How in the hell did we end up here?...commenting on some lawyers blog??

Original Mike said...

"How in the hell did we end up here?...commenting on some lawyers blog??"

She lets us.

YoungHegelian said...

How in the hell did we end up here?...commenting on some lawyers blog??

If somebody else wants us, I'm sure we'll be happy to go dispense our exalted wisdom to them, too.

I just ain't hearing no knocks at the door....

MrCharlie2 said...

"While SRI, PARC, IBM GE and Bell Labs all had a role, it is useful to point out that the glue that pulled the Internet, GPS, and a hundred other things were those evil guys at DoD running (D)ARPA. The NYT's manages to avoid saying ARPA or DARPA."

Yes, definitely.

I had a connection with GE's computing business back then, and strangely enough still do. GE worked closely with Dartmouth in those days (think Basic) and was selling what passed for ineractive computing, and even ran demos with CRT projectors (which were heavy and sort of noisy as I remember.

Xerox was not unique: one of many trying to break the death grip of IBM, the true evil. It took a while longer.

Carl said...

Well, that was way ahead of its time in 1968. In those days even if your job didn't take that long, it had to sit in a queue with lots of others, so from submission to output would usually be hours, at least. A computer was much too expensive to sit around doing nothing until someone asked it a question, unless we're talking about the NSA.

So there'd be no point at all to sitting in front of a computer screen. What could it tell you, on a real-time basis? Bupkis. For the same reason, there wasn't much motivation for anyone to develop fancy input and output devices. Hence the punchcards. Perfectly sensible, easy to use, cheap. Er...except for the dropping of a whole deck and having to restore the order bit. That well and truly sucked.

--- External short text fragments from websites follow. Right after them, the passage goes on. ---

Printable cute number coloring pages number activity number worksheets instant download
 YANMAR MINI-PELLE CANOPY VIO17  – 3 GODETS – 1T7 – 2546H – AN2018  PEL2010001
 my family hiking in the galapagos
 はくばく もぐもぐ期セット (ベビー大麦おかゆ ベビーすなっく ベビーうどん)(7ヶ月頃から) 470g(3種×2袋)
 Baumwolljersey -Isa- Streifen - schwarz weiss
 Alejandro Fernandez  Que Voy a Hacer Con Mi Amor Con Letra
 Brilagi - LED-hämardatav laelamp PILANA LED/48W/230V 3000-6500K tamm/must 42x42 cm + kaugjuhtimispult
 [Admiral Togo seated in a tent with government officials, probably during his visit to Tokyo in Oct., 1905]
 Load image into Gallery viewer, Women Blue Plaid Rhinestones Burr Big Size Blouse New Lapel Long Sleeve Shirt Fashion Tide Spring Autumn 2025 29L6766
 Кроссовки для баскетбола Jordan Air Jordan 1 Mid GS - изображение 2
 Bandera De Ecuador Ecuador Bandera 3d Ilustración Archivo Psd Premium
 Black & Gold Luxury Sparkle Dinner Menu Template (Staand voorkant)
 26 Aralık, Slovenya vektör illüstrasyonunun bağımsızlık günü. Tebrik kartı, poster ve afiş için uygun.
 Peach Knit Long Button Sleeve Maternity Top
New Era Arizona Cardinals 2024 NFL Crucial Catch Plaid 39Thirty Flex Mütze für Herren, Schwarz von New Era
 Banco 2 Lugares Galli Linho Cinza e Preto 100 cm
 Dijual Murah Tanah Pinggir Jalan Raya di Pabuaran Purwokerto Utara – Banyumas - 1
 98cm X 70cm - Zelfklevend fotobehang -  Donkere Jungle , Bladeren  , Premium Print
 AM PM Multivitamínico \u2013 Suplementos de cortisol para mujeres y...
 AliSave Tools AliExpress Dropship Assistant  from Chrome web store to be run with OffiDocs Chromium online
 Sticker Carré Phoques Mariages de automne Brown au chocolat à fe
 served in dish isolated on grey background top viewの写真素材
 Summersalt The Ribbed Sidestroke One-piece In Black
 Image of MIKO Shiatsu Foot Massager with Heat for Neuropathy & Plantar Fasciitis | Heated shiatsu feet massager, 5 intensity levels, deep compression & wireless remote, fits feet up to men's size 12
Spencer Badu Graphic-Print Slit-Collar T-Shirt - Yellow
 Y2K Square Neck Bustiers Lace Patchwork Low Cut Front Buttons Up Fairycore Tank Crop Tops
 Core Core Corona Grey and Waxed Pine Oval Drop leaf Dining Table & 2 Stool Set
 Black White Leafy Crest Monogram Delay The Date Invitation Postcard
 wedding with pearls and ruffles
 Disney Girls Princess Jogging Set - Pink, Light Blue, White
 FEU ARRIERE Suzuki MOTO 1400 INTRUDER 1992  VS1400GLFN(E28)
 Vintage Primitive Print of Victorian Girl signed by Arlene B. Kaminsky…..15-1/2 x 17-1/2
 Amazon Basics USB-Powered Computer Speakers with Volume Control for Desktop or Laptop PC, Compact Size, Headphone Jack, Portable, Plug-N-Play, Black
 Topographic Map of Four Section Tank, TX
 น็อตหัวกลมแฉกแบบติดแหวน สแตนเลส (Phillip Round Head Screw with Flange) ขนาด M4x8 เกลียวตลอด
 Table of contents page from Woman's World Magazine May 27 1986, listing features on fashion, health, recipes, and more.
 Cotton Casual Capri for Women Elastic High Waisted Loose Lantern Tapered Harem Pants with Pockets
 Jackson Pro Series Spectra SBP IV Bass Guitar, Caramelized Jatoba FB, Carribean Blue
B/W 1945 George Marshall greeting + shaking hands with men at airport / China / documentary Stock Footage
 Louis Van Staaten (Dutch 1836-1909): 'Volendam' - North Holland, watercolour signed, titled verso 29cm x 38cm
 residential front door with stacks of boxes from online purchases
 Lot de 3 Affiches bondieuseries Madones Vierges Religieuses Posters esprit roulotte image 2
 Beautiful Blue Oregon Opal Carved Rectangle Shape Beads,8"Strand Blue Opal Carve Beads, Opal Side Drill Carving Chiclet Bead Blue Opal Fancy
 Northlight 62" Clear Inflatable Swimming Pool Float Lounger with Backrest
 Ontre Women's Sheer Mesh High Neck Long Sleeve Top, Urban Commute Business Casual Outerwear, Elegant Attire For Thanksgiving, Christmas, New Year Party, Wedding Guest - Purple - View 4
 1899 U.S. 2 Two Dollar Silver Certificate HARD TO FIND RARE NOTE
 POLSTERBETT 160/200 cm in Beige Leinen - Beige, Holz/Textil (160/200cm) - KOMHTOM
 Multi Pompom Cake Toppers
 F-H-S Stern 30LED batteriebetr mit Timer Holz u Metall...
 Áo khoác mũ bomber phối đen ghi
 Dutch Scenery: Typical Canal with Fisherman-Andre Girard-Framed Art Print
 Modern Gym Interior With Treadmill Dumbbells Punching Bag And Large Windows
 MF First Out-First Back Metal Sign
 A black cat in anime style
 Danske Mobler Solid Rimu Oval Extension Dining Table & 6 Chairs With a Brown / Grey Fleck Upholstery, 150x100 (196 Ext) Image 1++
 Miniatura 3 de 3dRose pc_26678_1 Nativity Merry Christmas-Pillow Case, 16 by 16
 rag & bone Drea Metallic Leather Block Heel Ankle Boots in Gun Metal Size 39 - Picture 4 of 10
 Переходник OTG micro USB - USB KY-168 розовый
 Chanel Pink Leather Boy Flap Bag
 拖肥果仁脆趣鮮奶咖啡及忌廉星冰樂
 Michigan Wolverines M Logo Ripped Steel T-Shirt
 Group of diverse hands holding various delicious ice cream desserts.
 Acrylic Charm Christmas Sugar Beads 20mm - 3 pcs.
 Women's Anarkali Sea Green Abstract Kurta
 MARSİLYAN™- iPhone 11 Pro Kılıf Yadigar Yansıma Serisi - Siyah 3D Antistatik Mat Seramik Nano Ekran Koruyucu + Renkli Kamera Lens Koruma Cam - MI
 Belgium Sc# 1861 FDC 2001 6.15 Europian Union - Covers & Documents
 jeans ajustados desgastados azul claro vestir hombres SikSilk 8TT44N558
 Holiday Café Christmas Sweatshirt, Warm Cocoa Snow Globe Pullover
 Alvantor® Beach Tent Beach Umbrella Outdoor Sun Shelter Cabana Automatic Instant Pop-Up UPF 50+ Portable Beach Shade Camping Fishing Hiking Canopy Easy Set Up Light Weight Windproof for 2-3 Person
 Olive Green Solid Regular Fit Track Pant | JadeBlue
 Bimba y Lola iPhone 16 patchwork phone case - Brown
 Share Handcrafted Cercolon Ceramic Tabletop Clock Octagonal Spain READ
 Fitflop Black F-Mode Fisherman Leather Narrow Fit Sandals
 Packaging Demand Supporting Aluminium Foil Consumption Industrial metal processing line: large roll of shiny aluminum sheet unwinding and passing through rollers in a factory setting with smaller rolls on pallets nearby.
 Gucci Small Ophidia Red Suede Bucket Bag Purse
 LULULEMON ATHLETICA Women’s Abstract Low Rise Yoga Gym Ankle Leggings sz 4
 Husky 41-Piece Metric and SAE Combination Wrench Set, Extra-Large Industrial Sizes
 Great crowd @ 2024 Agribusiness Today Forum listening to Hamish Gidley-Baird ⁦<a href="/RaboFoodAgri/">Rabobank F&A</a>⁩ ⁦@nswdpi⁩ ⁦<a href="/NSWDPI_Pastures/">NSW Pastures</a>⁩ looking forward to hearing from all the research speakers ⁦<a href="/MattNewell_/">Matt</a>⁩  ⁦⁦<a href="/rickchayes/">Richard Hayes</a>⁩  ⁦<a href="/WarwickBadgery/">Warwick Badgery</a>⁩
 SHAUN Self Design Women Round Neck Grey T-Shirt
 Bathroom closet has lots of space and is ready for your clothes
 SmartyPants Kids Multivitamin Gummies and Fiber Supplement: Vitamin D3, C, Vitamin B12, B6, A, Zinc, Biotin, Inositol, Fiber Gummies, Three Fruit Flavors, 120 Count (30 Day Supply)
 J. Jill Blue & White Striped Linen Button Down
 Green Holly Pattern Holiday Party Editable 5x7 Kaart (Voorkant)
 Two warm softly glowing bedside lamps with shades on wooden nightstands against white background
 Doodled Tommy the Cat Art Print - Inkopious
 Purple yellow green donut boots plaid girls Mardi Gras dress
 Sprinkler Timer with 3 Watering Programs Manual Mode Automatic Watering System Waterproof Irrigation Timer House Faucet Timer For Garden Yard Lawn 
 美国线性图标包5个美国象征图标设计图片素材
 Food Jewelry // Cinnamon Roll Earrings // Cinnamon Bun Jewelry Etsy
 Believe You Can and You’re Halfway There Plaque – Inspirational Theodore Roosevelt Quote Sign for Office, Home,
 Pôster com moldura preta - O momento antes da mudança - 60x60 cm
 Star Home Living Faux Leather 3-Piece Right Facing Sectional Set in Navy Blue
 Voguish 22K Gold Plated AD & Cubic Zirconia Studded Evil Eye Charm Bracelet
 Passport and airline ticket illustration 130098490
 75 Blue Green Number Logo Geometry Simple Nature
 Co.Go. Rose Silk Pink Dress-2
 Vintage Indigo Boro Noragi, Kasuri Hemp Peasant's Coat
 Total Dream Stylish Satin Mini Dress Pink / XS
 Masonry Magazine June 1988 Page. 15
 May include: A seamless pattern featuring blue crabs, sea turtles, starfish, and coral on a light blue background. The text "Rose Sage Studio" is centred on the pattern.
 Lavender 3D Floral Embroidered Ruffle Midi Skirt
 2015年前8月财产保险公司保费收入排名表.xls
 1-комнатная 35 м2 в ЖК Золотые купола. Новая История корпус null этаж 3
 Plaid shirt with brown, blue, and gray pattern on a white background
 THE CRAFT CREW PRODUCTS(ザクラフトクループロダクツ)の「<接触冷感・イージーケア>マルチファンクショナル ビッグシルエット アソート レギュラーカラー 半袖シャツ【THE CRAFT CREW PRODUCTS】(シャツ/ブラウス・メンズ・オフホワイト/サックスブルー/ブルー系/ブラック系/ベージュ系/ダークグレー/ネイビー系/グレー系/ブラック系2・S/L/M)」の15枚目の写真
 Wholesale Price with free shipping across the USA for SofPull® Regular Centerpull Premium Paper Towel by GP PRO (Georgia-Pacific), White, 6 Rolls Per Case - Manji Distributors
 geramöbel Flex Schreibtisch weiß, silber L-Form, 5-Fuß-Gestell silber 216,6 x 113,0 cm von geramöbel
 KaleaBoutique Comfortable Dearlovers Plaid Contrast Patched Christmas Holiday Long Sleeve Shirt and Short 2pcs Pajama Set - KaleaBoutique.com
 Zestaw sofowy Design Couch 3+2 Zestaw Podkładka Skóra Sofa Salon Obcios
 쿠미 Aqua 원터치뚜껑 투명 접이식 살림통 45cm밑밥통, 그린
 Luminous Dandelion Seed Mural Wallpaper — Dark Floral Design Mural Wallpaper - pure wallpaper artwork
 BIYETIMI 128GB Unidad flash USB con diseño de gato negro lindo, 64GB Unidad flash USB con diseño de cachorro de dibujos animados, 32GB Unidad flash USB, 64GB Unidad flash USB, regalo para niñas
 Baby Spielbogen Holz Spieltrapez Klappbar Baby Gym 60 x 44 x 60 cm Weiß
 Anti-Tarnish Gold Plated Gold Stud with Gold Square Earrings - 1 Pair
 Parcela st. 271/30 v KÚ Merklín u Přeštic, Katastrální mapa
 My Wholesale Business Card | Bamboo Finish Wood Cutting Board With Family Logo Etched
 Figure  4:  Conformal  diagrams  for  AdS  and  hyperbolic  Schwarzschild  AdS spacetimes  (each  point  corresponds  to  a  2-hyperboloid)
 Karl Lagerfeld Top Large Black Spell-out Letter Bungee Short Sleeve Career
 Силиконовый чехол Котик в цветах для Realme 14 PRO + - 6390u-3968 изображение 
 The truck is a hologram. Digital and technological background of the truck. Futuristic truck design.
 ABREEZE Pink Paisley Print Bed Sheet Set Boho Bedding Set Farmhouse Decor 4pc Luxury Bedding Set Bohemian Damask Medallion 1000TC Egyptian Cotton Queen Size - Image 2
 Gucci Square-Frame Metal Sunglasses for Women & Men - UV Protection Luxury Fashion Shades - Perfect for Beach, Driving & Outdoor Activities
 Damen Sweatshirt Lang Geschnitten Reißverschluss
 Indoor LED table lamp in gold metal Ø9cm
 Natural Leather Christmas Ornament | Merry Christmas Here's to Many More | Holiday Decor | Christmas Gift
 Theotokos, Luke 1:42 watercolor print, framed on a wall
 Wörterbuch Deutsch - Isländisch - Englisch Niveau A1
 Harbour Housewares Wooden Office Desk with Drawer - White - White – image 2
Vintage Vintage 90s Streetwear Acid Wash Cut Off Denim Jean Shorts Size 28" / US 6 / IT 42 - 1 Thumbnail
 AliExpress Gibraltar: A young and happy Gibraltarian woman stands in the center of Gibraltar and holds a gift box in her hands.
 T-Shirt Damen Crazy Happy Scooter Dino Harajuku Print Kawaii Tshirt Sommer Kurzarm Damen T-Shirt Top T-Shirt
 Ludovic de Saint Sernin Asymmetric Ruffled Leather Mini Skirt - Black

The thing I remember as funny is that IBM's SP/CMS combo used to use "virtual" card punches and readers to send files between users. So, if I wanted to send a file to Joe consisting of "Hey what's hanging? Want lunch?", I'd have to use my virtual "punch" to send it to his virtual "reader." It's interesting that they thought they had to stick with the paradigm, even the language, to make it easier to use, even though what was really going on had no relationship to it.

I'm reminded of some of the challenges programmers have today, when they try to adapt desktop programs to the tablet or phone, and have to cope with the fact that there is no mouse. Only gradually are we starting to see people deploy and get used to a user interface that employs more general touching motions and gestures. Meanwhile the desktop people are struggling with whether to backport this to the desktop -- people don't seem real cool with fondling their monitor, even if it is 18 inches and hard -- or cope with maintaining diverging OS models.

Original Mike said...

"Meanwhile the desktop people are struggling with whether to backport this to the desktop -- people don't seem real cool with fondling their monitor..."

It's idiotic. 8 hours of that and my arms would fall off.

Kirk Parker said...

mariner,

"The mouse was invented in 1964. So was hypertext linking."

I thought Vannaver Bush invented hypertext (or at least conceptualized it) way back before 1950.

Freeman Hunt said...

I didn't realize some of those innovations had been around for so long. I remember when we got Geoworks, our family's first foray into computing without using the command line; it seemed so strange. "Why should I open this big menu thing when I can just tell DOS which program I want to run?"